# Load Data

In [1]:
# define data load function from csv files with pandas
import pandas as pd

PATH = "datasets/titanic/"
FILE_GENDER_SUBMISSION = PATH + "gender_submission.csv"
FILE_TEST = PATH + "test.csv"
FILE_TRAIN = PATH + "train.csv"

def load_data():
    return pd.read_csv(FILE_TRAIN), pd.read_csv(FILE_TEST), pd.read_csv(FILE_GENDER_SUBMISSION)

In [2]:
# get data from file
data_train, data_test, data_gender_submission = load_data()
ori_data_train, ori_data_test = data_train.copy(), data_test.copy()

OSError: File b'datasets/titanic/train.csv' does not exist

# View Data

In [None]:
data_train.head()

In [None]:
data_train.info()

In [None]:
data_train["Embarked"].value_counts()

In [None]:
data_train["Ticket"].value_counts()

In [None]:
data_train["Cabin"].value_counts()

In [None]:
%matplotlib inline
import matplotlib.pyplot as plt
data_train.hist(figsize=(14,10))

In [None]:
data_test.head()

In [None]:
data_test.info()

In [None]:
data_test.hist(figsize=(14,10))

In [None]:
data_gender_submission.head()

In [None]:
data_gender_submission.info()

In [None]:
data_gender_submission.hist(figsize=(8,4))

In [None]:
corr_matrix = data_train.corr()

In [None]:
corr_matrix["Survived"].sort_values(ascending=False)

## Conclusion
* none of the data features are symmetric
* some data samples are missing / NaN
* some attributes have to be converted from labels to an proper encoding

# Preprocess Data

## Encoding

Value | Label  | Encoding
----- | ------ | --------
Sex:  | male   | 1
      | female | 0
      
Value | Label  | Encoding
----- | ------ | --------
Embarked: | Southampton | 1 0 0
          | Queenstown  | 0 1 0
          | Cherbourg   | 0 0 1

The Cabin number will be removed and the encoding will be as shown below: 

Value | Label  | Encoding
----- | ------ | --------
Cabin: | A | 1
       | B | 2
       | C | 3
       | D | 4
       | E | 5
       | F | 6
       | G | 7

The age and fare attribute will be re-scaled / normalized.

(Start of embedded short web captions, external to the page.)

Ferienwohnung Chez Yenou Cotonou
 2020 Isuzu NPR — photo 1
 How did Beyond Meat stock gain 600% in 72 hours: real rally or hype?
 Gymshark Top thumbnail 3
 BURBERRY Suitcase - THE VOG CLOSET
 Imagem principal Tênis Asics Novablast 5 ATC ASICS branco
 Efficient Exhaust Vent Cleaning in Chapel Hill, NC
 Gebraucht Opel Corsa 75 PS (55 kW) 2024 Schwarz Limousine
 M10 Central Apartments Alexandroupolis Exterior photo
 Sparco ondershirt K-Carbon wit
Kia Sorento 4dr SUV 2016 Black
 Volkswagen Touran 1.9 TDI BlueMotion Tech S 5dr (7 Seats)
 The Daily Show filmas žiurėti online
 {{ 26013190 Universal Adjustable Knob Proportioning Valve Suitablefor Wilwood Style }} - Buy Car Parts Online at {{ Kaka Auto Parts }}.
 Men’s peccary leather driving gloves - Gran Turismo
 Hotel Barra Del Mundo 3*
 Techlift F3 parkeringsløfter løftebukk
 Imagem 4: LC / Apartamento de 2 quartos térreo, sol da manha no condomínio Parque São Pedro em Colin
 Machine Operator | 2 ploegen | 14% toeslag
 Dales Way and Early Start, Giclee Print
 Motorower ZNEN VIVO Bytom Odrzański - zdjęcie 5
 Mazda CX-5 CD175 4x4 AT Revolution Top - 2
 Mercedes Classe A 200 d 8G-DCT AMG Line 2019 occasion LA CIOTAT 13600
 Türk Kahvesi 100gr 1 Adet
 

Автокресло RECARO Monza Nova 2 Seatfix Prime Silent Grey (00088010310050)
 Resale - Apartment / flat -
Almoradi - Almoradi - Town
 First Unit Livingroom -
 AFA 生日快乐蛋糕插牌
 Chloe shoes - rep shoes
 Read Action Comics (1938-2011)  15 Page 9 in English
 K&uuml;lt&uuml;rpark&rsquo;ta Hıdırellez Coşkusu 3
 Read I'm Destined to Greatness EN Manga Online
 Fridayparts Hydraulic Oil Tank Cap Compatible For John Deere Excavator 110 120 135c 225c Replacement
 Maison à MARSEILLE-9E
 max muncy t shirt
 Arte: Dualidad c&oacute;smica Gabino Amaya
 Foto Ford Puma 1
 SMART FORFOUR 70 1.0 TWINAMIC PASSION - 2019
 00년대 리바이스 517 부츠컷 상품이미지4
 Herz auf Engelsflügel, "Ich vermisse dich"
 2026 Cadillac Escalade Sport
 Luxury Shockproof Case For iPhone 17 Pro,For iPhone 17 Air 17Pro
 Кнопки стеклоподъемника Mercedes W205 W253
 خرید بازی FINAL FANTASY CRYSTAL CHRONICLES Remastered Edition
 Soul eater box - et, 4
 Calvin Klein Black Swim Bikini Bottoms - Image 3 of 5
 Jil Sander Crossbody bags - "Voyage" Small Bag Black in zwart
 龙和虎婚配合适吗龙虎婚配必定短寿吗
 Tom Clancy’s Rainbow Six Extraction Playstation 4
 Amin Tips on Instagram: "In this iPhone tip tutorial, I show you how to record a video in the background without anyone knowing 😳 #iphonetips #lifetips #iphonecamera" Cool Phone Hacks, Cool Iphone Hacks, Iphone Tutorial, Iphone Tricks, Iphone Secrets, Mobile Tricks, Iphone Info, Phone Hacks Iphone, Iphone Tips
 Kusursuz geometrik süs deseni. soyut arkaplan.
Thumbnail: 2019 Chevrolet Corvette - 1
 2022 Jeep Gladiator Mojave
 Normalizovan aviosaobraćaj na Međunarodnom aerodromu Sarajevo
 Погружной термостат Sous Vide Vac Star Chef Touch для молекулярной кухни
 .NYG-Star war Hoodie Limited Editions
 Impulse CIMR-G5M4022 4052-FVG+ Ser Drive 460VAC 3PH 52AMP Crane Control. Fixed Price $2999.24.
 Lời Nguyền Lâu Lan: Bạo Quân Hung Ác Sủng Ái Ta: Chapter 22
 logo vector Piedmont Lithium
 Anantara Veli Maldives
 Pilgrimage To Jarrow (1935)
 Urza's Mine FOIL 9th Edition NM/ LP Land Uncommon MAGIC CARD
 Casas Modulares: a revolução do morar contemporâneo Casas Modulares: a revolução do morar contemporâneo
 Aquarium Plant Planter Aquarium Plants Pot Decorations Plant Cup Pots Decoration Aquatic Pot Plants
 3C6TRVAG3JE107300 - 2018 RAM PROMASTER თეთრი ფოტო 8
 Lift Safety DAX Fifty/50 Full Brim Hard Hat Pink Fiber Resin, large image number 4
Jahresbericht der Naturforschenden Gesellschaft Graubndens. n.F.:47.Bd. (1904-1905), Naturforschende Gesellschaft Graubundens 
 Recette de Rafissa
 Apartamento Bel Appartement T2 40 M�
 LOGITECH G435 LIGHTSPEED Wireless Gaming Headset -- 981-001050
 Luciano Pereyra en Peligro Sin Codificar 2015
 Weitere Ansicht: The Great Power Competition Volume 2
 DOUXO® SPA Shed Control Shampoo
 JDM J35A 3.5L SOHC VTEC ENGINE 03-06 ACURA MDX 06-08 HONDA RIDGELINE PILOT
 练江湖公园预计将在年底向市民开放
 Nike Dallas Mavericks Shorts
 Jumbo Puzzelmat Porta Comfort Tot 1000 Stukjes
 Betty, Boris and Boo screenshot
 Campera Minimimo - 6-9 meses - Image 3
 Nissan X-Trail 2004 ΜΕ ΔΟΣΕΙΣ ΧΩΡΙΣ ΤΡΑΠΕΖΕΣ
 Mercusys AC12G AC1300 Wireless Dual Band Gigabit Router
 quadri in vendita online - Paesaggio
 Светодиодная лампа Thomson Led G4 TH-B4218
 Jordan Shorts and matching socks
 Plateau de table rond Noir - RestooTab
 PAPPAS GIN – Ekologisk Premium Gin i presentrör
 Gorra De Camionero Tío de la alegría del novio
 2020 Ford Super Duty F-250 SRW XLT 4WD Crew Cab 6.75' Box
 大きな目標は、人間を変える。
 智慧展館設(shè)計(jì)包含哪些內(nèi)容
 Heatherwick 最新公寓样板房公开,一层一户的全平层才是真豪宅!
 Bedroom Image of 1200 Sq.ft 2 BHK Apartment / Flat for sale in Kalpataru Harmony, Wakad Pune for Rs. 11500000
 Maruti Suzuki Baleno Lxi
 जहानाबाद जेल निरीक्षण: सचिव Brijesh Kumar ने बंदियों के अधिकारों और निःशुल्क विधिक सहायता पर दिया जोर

The name, passengerid and ticket attribute will be dropped!

In [None]:
# drop unused attributes
for set_ in (data_train, data_test):
    set_.drop("Name", axis=1, inplace=True)
    set_.drop("Ticket", axis=1, inplace=True)
    set_.drop("PassengerId", axis=1, inplace=True)

In [None]:
# verify drop
data_train.head()

In [None]:
# set gender 
for set_ in (data_train, data_test):
    set_["Sex"] = (set_["Sex"] == "male").astype(int)

In [None]:
# verify gender set
data_train.head()

In [None]:
# encode embarked
from sklearn.preprocessing import LabelBinarizer

encoder = LabelBinarizer()

In [None]:
# get embarked labels
import numpy as np

for set_ in (data_train, data_test):
    set_["Embarked"] = set_["Embarked"].replace(np.nan, "X")

In [None]:
embarked_labels = set(data_train["Embarked"])
print(embarked_labels)
print(set(data_test["Embarked"]))

In [None]:
for set_ in (data_train, data_test):
    embarked_encoded = set_["Embarked"].str.get_dummies()
    set_["Embarked_C"] = embarked_encoded["C"]
    set_["Embarked_Q"] = embarked_encoded["Q"]
    set_["Embarked_S"] = embarked_encoded["S"]

In [None]:
data_train = data_train.drop("Embarked", axis=1)
data_test = data_test.drop("Embarked", axis=1)

data_train.head()

In [None]:
for set_ in (data_train, data_test):
    set_["Cabin"] = set_["Cabin"].replace(np.nan, "X")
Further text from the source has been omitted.